From: Patrick Smears <patrick.smears_at_ensoft.co.uk>
Date: 2004-08-03 18:03:18 CEST

> I think you've misinterpreted my problem; I probably didn't do a very
> good job explaining it. (Although, being able to isolate peoples
> mistakes is nice as well, so I'll look into your suggestion.)
>
> $ svn checkout http://example.org/svn/some-site
> $ emacs some-site/htdocs/index.php
> [make some changes]
> $ svn commit some-site/htdocs/index.php
>
> Now, in order to test/view/whatever, those changes, they need to some
> how get onto our development web server.
>
> One way for me to do this is to ssh into our development server and do
> a checkout. But it would become very frustrating to have to do this to
> fix and test every minor bugfix and spelling mistake. Also, I would
> like to avoid having to teach our designer to ssh in checkout changes.
> (There is no way she would be willing to do this for every change. As
> it is, she hates having to upload both an html and a css file.)
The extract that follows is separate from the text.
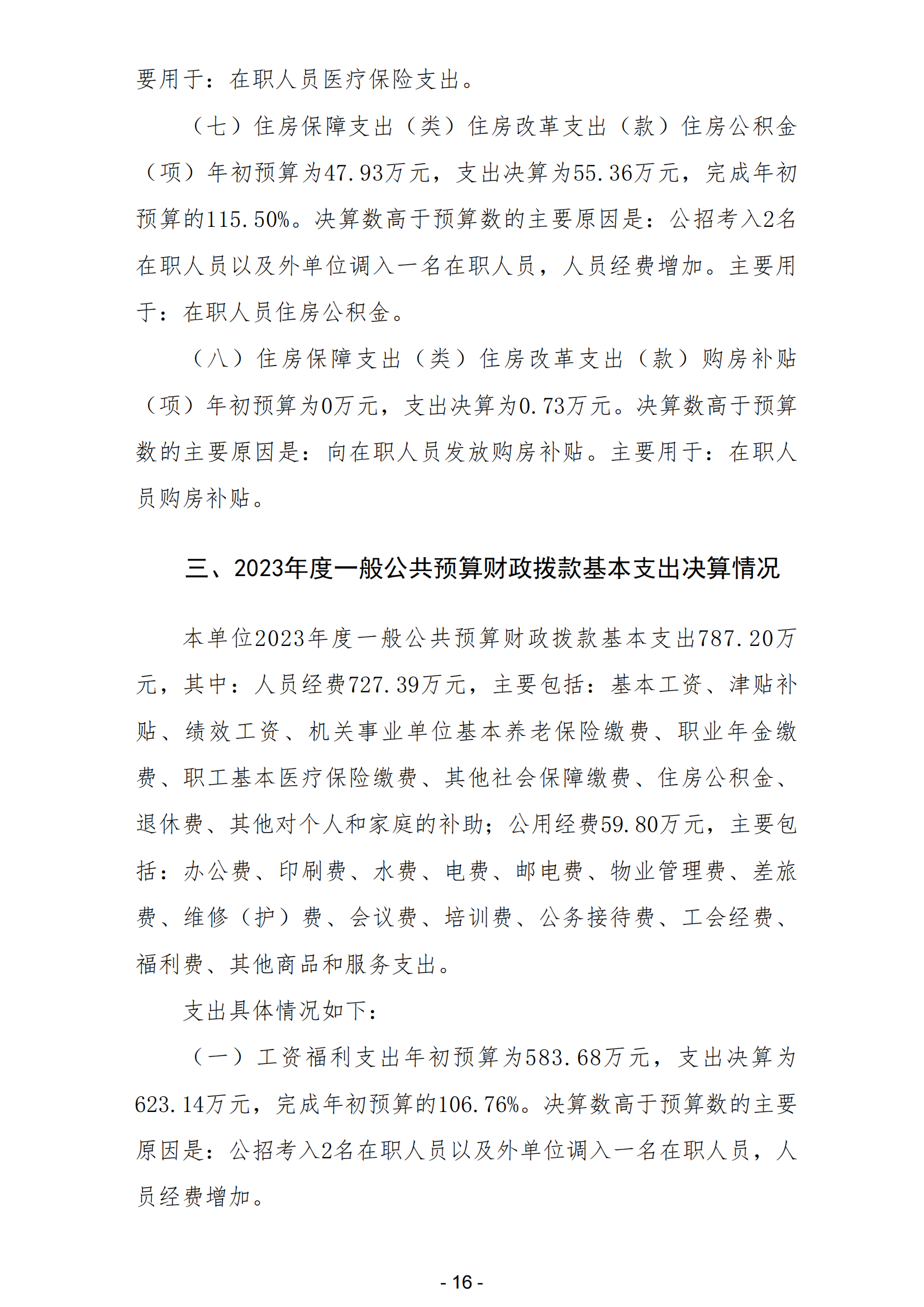 2023年南宫社会体育运动发展中心部门决算_18.png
I didn't misinterpret your problem, however I did fail to explain how what I
was suggesting might help matters!

Depending on how your machines are set up, you can hopefully share each
developer's working copy between the development server and the client
machines (perhaps using Samba to export the developer's directory as a share
(either from the client machine to the dev server, or vice versa), or using
NFS (ditto), or by having the developers log in to the development machine).
Once you've done so, your web designer can simply save the html/css files on
the share, and immediately test them. (Of course you can't do this without
virtual servers or something similar, or everyone would clobber everyone
else's changes). Then, when she's happy, she can commit the changes.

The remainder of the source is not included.